Normal service resumed with John Size reclaiming the trainers’ championship – his eighth in 15 seasons, but first in four years – and just like many of his winners, the title was achieved with something in hand and the promise of more to come.

There were still big race triumphs among Size’s 68 wins during a season where the championship never seemed in doubt: Sun Jewellery secured champion miler honours with wins in the first two races of the four-year-old series and Contentment grabbed a well-deserved Group One win.

Size lost 2015 Derby winner Luger to a shock retirement, but it is hard to imagine there aren’t some future Group One winners among an untapped bunch of young horses, including champion griffin Mr Stunning and 2017 Derby candidates Love Shock and Dr Listening.
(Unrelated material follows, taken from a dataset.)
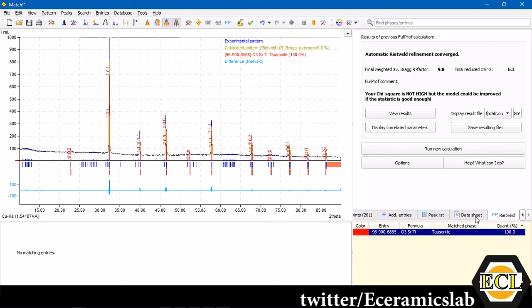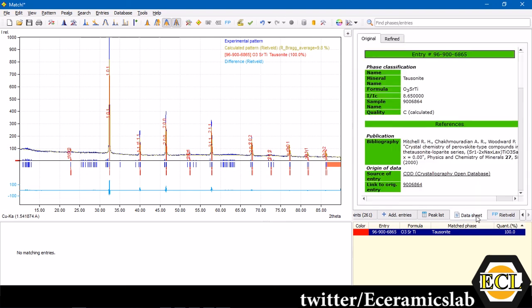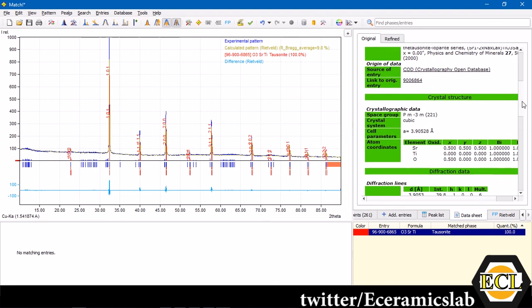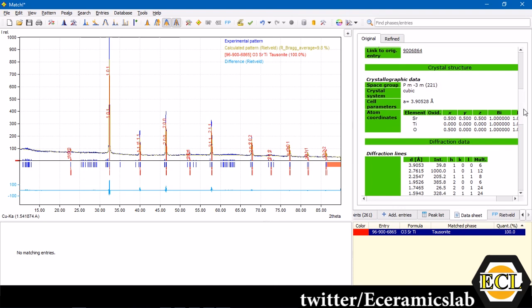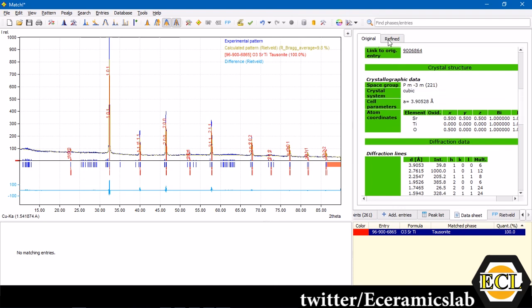Now, again, we will go back to the data sheet and see, this is the original file which you had selected. And now, after the refinement, what are the values which have changed after the refinement? Here, see, the A value was 3.90528 angstrom.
WATCH: 2016 Hong Kong Classic Cup highlights: Sun Jewellery continues his dominance in the four-year-old series

Much remained the same in the crowded mid-table positions on the trainers’ championship, but if there was a surprise it was Danny Shum Chap-shing, who surged to second place with his best ever return of 54 winners – 36 of them at Happy Valley, where he took the mantle of premier trainer at the city track from Caspar Fownes, who endured a tough start to the season.

Defending champion John Moore also started slowly, but deliberately, holding his runners back for the first few months, and then began by picking off the usual big race targets. Moore lost Able Friend through injury, but found a worthy replacement in Werther as stable headliner. The unfashionable import was a revelation as he ripped through the BMW Hong Kong Derby-Audemars Piguet QE II Cup double and became the fourth straight Moore-trained horse to win Horse of the Year.
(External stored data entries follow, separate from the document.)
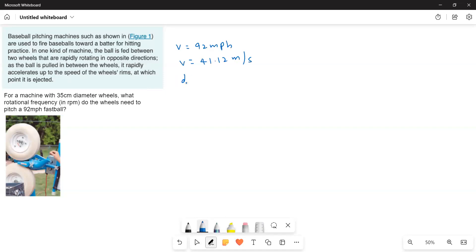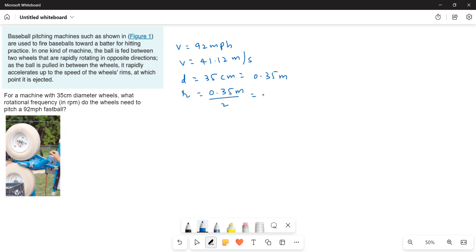Diameter is given to us, 35 centimeters, that is equal to 0.35 meters. Radius r is equal to 0.35 meters divided by 2 is equal to 0.175 meters.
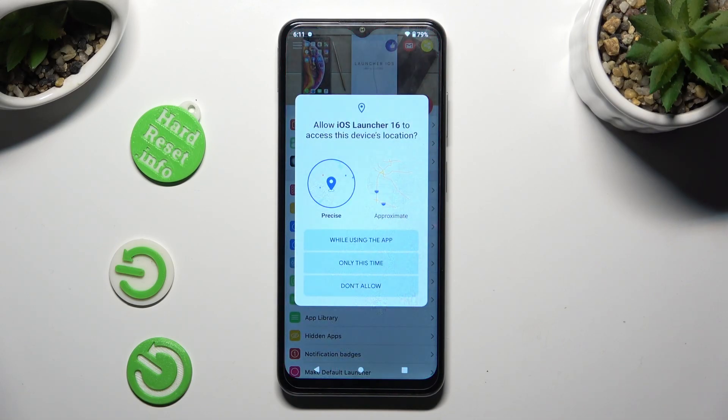Now in order to set it up, choose 'while using' and allow in all popups.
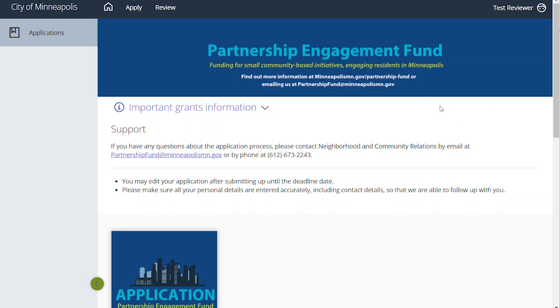Welcome. This is the tutorial of the Partnership Engagement Fund application process. We will walk you through each step of the application and show you what it looks like to complete your application with feedback and tips along the way. Let's begin.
WATCH: Werther completes Hong Kong Derby and QE II Cup double

Moore again topped the prize money standings with HK$121,749,450 to his name but he also has an eye on the future – he already holds a strong hand for next year’s Hong Kong Derby, with Rapper Dragon rated in triple figures and soon to be joined by a clutch of expensive imports including Queensland Derby winner Eagle Way.

Tony Cruz was, well, Tony Cruz, maintaining his top-four spot, and Paul O’Sullivan’s resurrection seemed complete with 50 wins and a fifth place.

The lower ranks and the relegation battle facing Andreas Schutz and Sean Woods probably held more intrigue than the championship chase, even if it did have the same sense of inevitability about it.

Both trainers failed to meet the benchmark criteria for a third time and were stripped of licences at show cause hearings last week, pending appeals: Woods leaves Hong Kong with 280 wins in 14 seasons, while Schutz bids farewell with 181 wins in 10 seasons.

The training ranks now shape for a big change in coming seasons, with the Conghua training centre in Guangdong set to open at the back-end of the 2017-18 season, and with as many as four training spots becoming open in the next few seasons.

Gary Ng Ting-keung also failed to meet the minimum of 15 wins for a second time, but with two years until he reaches compulsory retirement age, he is approaching the end of his training career as is.